However, it is unclear what this diverse set of economic, political and military initiatives adds up to and where they lead. The reactions of the international community to China’s initiatives however vary along the full spectrum of paranoia to dismissiveness.
Foreign Reactions, Fear, Anxiety and Delusion
Foreign reactions to China’s foreign policy fall within a wide spectrum because, given the breadth of the initiatives, it is possible to read into them many motivations. For China’s strategic allies, countries such as Pakistan, it plays the role the US played in Europe following the end of the Second World War, a guarantor of security and a supporter of economic Russia, although in Russia’s case its own superpower ambitions still appear to be alive and well.
For most countries, however, particularly for western and western-aligned countries, China’s perceived expansion into a global superpower is met with caution, anxiety and even fear. Europe, which while at the centre of global affairs during the second half of the 20th century has become accustomed to not being in the driver’s seat of global policy and power. Europe’s reaction to China’s rise appears to be one of fear of a rising power that they find difficult to deal with and also a fear of not dealing well with China and missing out on an economic opportunity rather than one of a less stable or less favourable geopolitical order. The US and the Asian allies whose security depends on it on the other hand have the most to lose from China as a global superpower and their reactions reveal their anxiety about a less secure world in which their own influence wanes further. In the US itself there is wide range of reactions to China’s foreign policy with republicans and hawks seeing a clear threat to be contained and the Obama administration trying to walk a fine line between economic engagement (both competitive and cooperative) and security containment. Across all countries, of course, there are the occasional voices that place China’s rise into a historical context, taking the view that over long periods, superpower and imperial power shifts between nations and that this is likely to happen to America too unless it manages a shift that counters the pattern that all other great powers have faced.

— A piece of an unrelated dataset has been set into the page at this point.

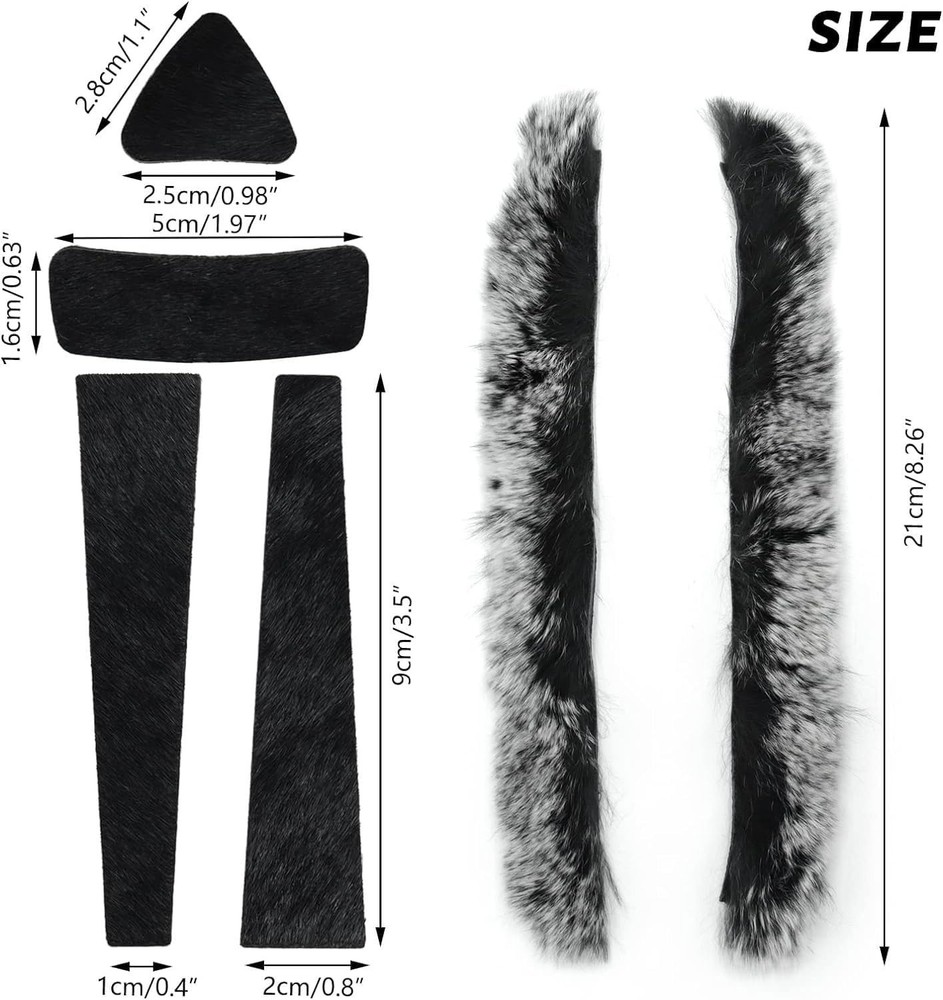 Archery Bow String Silencers Set Leather Arrow Rest Plate Adhesive Bow Silencer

What Could China’s Foreign Position Mean?
The international community’s different attitudes, actions and reactions to China’s foreign policy are all based on different interpretation of what China’s foreign policy actually means, or more concisely, what the end-game of China’s foreign policy is. Even the simplistic assumption that “China wants to rule the world” can imply a wide range of political, security and economic end-games that it may or may not be pursuing.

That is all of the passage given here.